Scientists see spins in a 2D magnet

 



All magnets contain spinning quasiparticles known as magnons, from the modest keepsakes that hang on your refrigerator to the memory-giving discs in your computer to the potent models employed in research facilities. Spin waves are produced when the spin of one magnon affects the spin of its neighbour, which affects the spin of its neighbour, and so on. Spin waves may be able to carry information more effectively than electricity, and they may act as "quantum interconnects" that "glue" together quantum bits to create powerful computers.


Magnons are extremely powerful, yet it might be challenging to find them without large pieces of laboratory equipment. According to Columbia professor Xiaoyang Zhu, such setups are good for carrying out tests but not for creating gadgets like magnetic devices and so-called spintronics. The correct substance, however, can make it much easier to see magnons. This substance is chromium sulphide bromide (CrSBr), a magnetic semiconductor that can be peeled into atom-thin, 2D layers and was created in professor Xavier Roy's group in the Department of Chemistry.


Zhu and colleagues from Columbia, the University of Washington, New York University, and Oak Ridge National Laboratory demonstrate in a recent article published in Nature that magnons in CrSBr can pair up with an exciton, a different quasiparticle that emits light and gives researchers a way to "see" the spinning quasiparticle.


They noticed oscillations from the excitons in the almost visible near-infrared spectrum as they agitated the magnons with light. For the first time, Zhu claimed, "we can observe magnons with a straightforward optical effect."

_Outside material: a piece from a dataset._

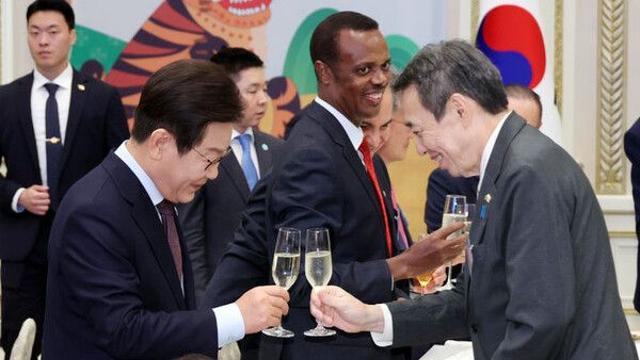 이 대통령, 주한외교단 만찬 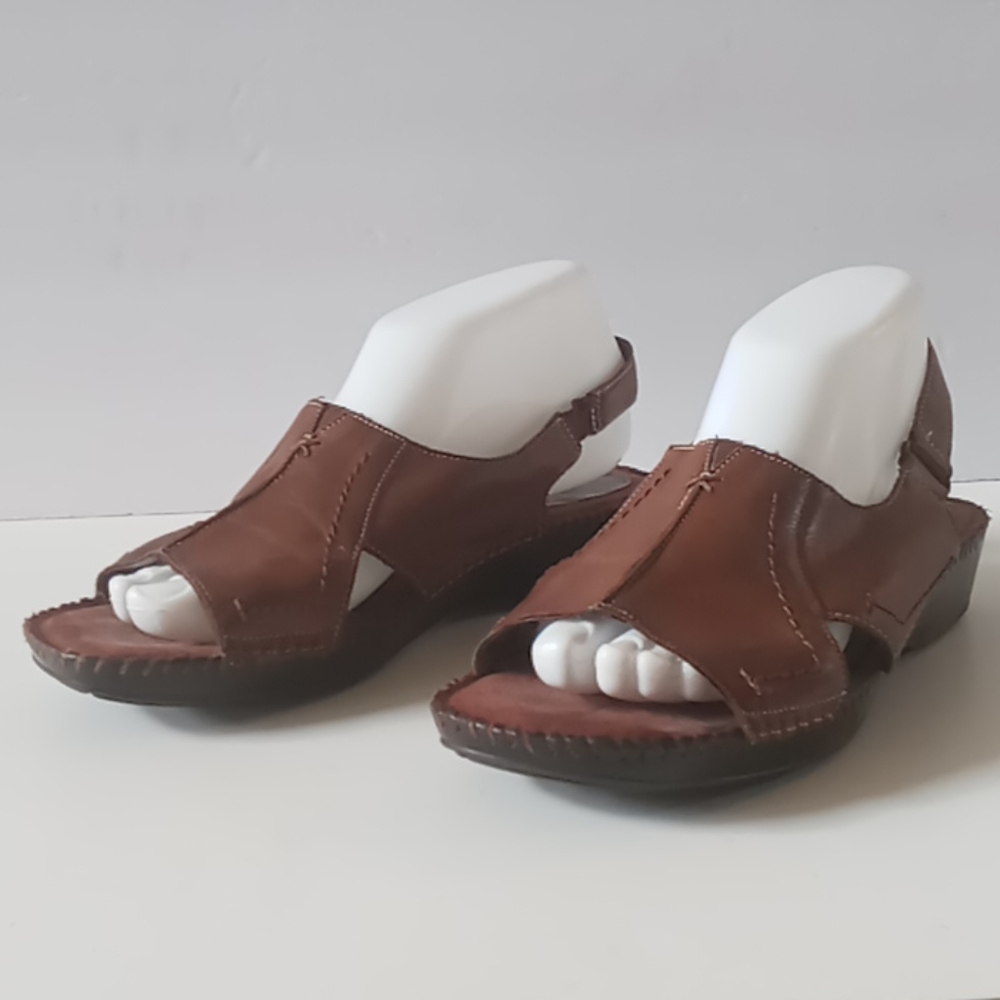 Naturalizer Sandals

According to lead author Youn Jun (Eunice) Bae, a postdoc in Zhu's lab, the findings could be interpreted as quantum transduction, or the transfer of one "quanta" of energy to another. Since excitons have an energy that is four orders of magnitude more than that of magnons, Bae said, "we can now easily see minute changes in the magnons." The ability to transduce information from spin-based quantum bits, which typically need to be placed within millimetres of one another, to light, a form of energy that can transmit information up to hundreds of miles via optical fibres, may one day allow researchers to build quantum information networks.

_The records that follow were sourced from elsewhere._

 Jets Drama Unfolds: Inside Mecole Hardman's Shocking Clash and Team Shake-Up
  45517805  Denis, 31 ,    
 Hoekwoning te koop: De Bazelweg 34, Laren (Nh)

The coherence time, which measures the maximum duration of oscillations, was likewise exceptional, according to Zhu, lasting far longer than the experiment's five-nanosecond limit. Even when the CrSBr devices were composed of only two atom-thin layers, the phenomena could extend over seven micrometres and continue, increasing the prospect of creating spintronic devices at the nanoscale. These gadgets might replace today's technology in the future as more effective substitutes. No particles are actually moving in a spin wave, in contrast to how electrons in an electrical current encounter resistance as they move.


The material was developed at the DOE-sponsored Energy Frontier Research Center, with support from Columbia's Materials Research Science and Engineering Center (MRSEC), which is financed by NSF (EFRC). The next step for the researchers is to investigate the quantum information potential of additional material candidates as well as CrSBr. We are investigating the quantum characteristics of numerous 2D materials that can be stacked like papers to produce a variety of novel physical phenomena in the MRSEC and EFRC, according to Zhu.


For instance, other types of magnetic semiconductors with somewhat different characteristics than CrSBr might emit light in a wider spectrum of colours if magnon-exciton coupling is present in them. We're putting together the tools to build new devices with programmable features, Zhu added.